No. It's coming from Route 53. Actually got the mapping from Sam Dowlings Reverse Proxy Tut. Thanks
@KevDog, I now have a working pfsense setup.
I think there might be some confusion here. All of the services I have run locally on my LAN, hosted in FreeNAS iocage jails. I don't run anything on AWS. The only reason I use Route 53 is to make my local services publicly routable, which is convenient because my _website_ is hosted using AWS.
The reverse proxy I've configured runs on my LAN. The rules I specify forward traffic to the reverse proxy jail, which forwards traffic to whichever service is being requested, in your case this is Nextcloud. This means that the rules I've specified won't necessarily apply to you if you've got a different configuration.

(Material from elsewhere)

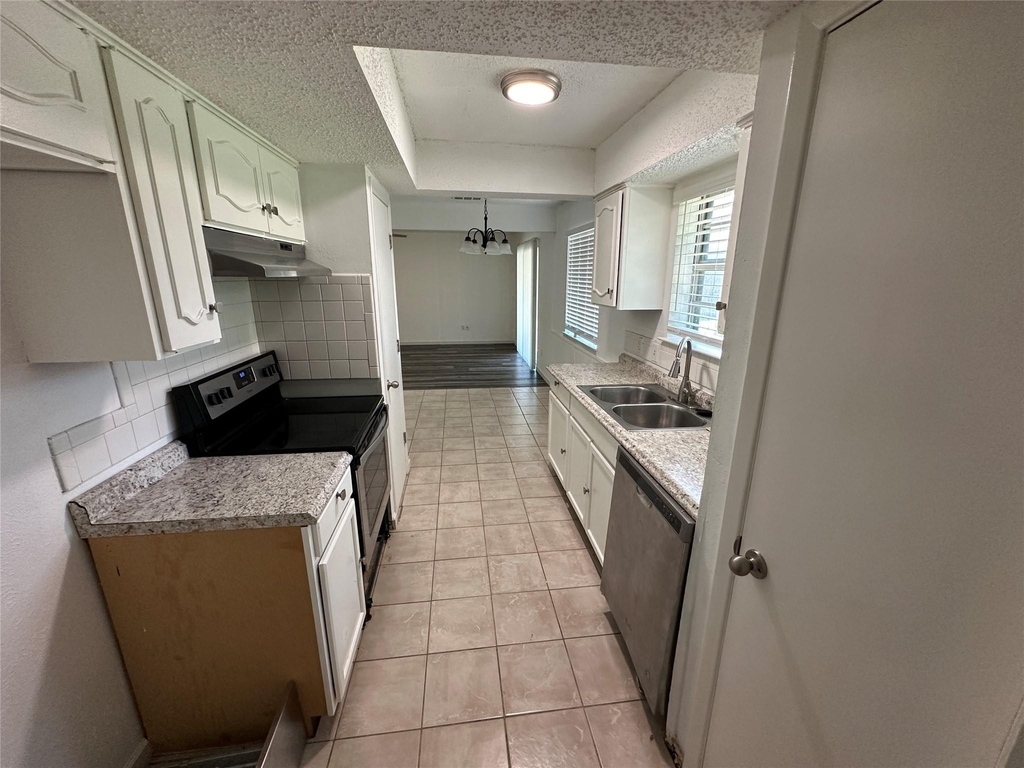 410 E Timberview Lane - Photo 3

As far as your nextcloud instance showing up in pfSense goes, what's happening at the moment makes sense because the instructions I provide include a manual IP configuration. The manual IP I set is outside of my DHCP range, and I've added an alias for each service so that I can easily identify them when creating rules. Having said that, if you _want_ it to show up in your DHCP Leases/ARP table, adding a static mapping or any of the alternatives
@danb35 suggested earlier would be appropriate. If you want the jail to draw a DHCP address though, you'll need to configure it that way. I normally just map these statically by IP instead of MAC.
Also a bit of a semantic point, but note that traffic doesn't go "through" Route 53 - It provides domain name system (DNS) resolution. All it is is a mapping of your website URL with your public IP. i.e., if you have three services, Nextcloud, Bitwarden, Heimdall, all hosted on a server on your home network, and your public IP address is 15.15.15.15, then you might create the equivalent of the following mappings in Route 53:
Service | Route 53 <url:ip> mapping |
nextcloud | <cloud.example.com:15.15.15.15> |
bitwarden | <bitwarden.example.com:15:15:15.15> |
heimdall | <heimdall.example.com:15.15.15.15> |
This means that if you navigate to
http://cloud.example.com (i.e., you're making a GET request), your DNS service provider will ask Route 53 what the ip of this alias is, and it will resolve to 15.15.15.15. Then your client will make a connection with the socket 15.15.15.15:80. Exactly the same thing happens for the other services, bitwarden.example.com and heimdall.example.com. Each of them should resolve to your public IP. All of this to say that you have a "direct" (not considering intermediate hops) route to the server - nothing travels _through_ Route 53.
You can confirm this by running
nslookup
from a computer not connected to your LAN (if you have a local mapping for the service subdomains, as I detail in my guide, otherwise it should work from inside your LAN as well), which should show something similar to the following:
Code:
$ nslookup cloud.example.com
Server: 8.8.8.8
Address: 8.8.8.8#53
Non-authoritative answer:
Name: cloud.example.com
Address: 15.15.15.15
With this in mind,
@KevDog makes a valid point. If your reverse proxy is hosted on AWS (in an EC2/Elastic Beanstalk instance or similar) then the configuration I've provided won't be suitable since it makes unencrypted connections to the services. It's only encrypted from the reverse proxy onwards. This means that if you have locally hosted servers and your reverse proxy on AWS, then all of the traffic between your house and the AWS servers will be unencrypted. Not good.